For those folks that think that homosexuality is a choice and based on a characteristic that can be changed (not like the history of discrimination against African Americans who cannot change their status (skin color), initiative supporters argue that, even if one agrees that homosexuality can be changed, "discrimination based on characteristics that are a matter of choice" is already prohibited where religion and marital status are concerned. In other words, we break the rule on immutable characteristics already, so why not just keep breaking it? The problem is we don't break the rule already.

Obviously, religion and marital status are both matters of what choice one makes. But they are both categories from which it is impossible to escape. Try to name a religious status or a marital status that puts you outside of the category which still needs special protections at various times and places. It can not be done. Congressional and state legislators have found it necessary to require special protections to rectify the long-standing and pervasive discrimination against Protestants, or Catholics, or atheists, or agnostics, or singles, or marrieds, or divorcees or widows depending on various subcultures or harmful regional attitudes. These abuses have been widespread and severe in their various forms and therefore qualified for special government intervention.

Proponents are correct in saying that homosexuality is not an immutable characteristic, but unlike changes in religion or marital status, which will always place you into a group that somewhere has a history of suffering inordinate discrimination, changing from bisexuality to heterosexuality removes you from the so-called "high risk" group. You still have a sexual orientation -- you no longer have a "high risk" one for wrongful discrimination. The truth is simply, I-677 guarantees "legal standing" in court for anyone who has a beef with their employer. That's just plain wrong.

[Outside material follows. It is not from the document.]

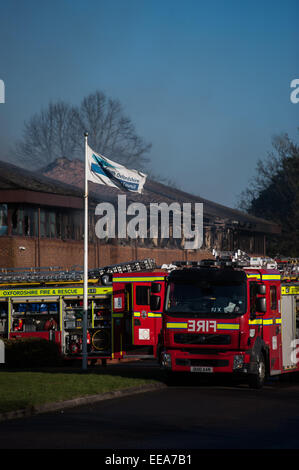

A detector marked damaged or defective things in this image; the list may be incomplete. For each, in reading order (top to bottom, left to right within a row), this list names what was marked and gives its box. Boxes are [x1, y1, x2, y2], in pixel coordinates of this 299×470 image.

burnt building [0, 158, 282, 268]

"DISCRIMINATION" - OFTEN A GOOD THING
Say proponents, "Discrimination against any group threatens all of us and should not be tolerated." Does this mean it is wrong to discriminate against a group of people who are distinguished by the fact that they have murdered someone? Or that we shouldn't discriminate against carjackers, pedophiles and others who undermine the safety and order of our society? This is a false statement. But their argument is that lesbians and cross-dressers have been pervasively hurt by workplace discrimination. How many cross-dressers have lost their jobs because they came to work in drag? Are the numbers so great that we should permit the government's iron fist to strip away the freedoms of everyone else to accommodate their concerns? I-677 is a clear trivialization of civil rights protections.